Rate Limiting
Rate limits are defined to mitigate Denial of Service (DoS) attacks and excessive API calls that overwhelm the infrastructure.
In Flexera One APIs, rate limits are divided into the following categories
- per org - Requests are throttled per organization. Any org-scoped request
(i.e., request path containing
/orgs/<orgId>
) belongs to this category. - per principal - Requests are throttled per user/service account. Any authenticated request from a user or service account belongs to this category.
- per client IP - Requests are throttled using client's IP address.
A request originating from a specific remote IP that passes authentication and is scoped to an org counts towards all the above categories.
The limits are calculated as Requests Per Minute (RPM). The following table shows the current rate limits
Category | Rate Limits (RPM) |
---|---|
per org |
1000 |
per principal |
500 |
per client IP |
500 |
Handling Rate Limits
Flexera One APIs return special headers in the response to help clients handle rate limits.

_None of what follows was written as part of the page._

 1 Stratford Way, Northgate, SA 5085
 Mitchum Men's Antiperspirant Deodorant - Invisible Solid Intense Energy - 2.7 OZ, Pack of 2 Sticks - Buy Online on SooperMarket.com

For every request that is NOT throttled, the response will contain the following headers
Response Header | Description |
---|---|
x-ratelimit-remaining |
number of requests remaining in the current limit window |
For every request that is throttled, the response will be a HTTP 429
status
code with the following headers
Response Header | Description |
---|---|
retry-after |
seconds after which the rate limit window will reset |
The clients making API requests can keep track of the number of requests
remaining in the current limit window using the x-ratelimit-remaining
header.
If the client is throttled, i.e., gets a HTTP 429 response, then it can wait for
the duration returned in retry-after
header before making further requests.
Understanding Rate Limits
This section illustrates how the rate limits are applied with an example.

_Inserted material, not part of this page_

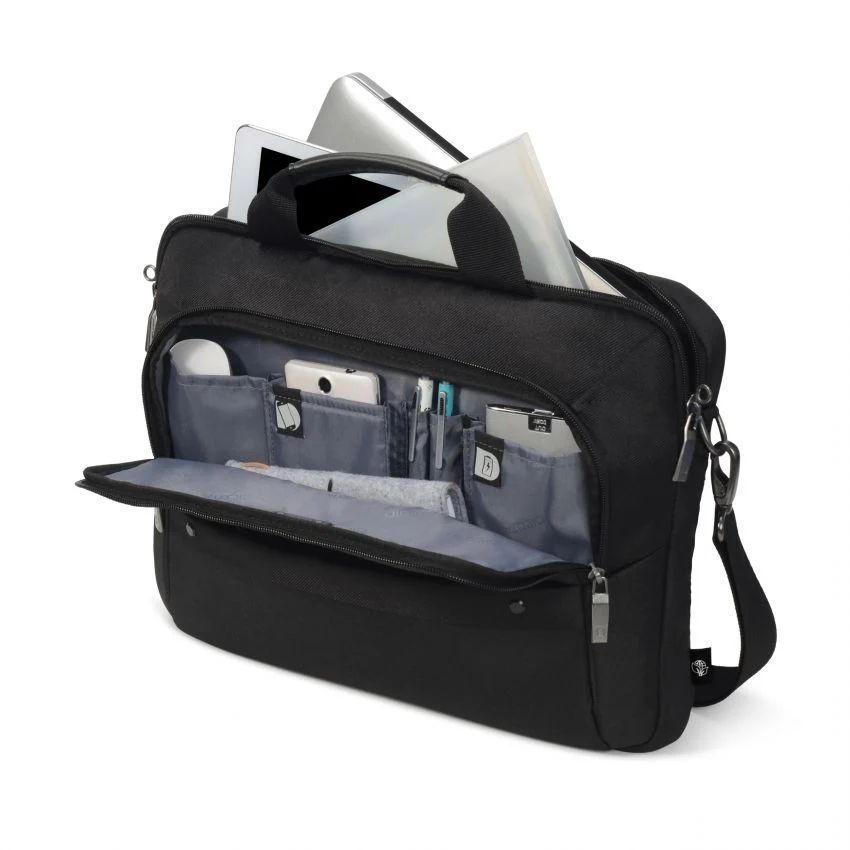 Dicota Laptop Eco Slim Case Select 14,1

Let's say a user "John Doe" from organization "ACME" makes the following requests in 50 seconds
- 100 invalid/unauthenticated requests
- 200 requests authenticated using the user's bearer token that are NOT org-scoped
- 190 requests authenticated using the user's bearer token that are org-scoped
Now,
- The remote IP from where John Doe is making requests will be left with
10 requests in the next 10 seconds (
500-100-200-190 = 10 requests) before getting throttled. - John Doe's bearer token will be left with 110 requests in the next 10 seconds
(
500-200-190 = 110 requests) before getting throttled. - ACME, the organization, will be left with 810 requests in the next 10 seconds
(
1000-190 = 810 requests) before getting throttled, i.e., John Doe's colleagues can make up to 810 requests in the next 10 seconds before the entire ACME organization gets throttled. - Other organizations with org ID different from ACME's will not have their limits affected.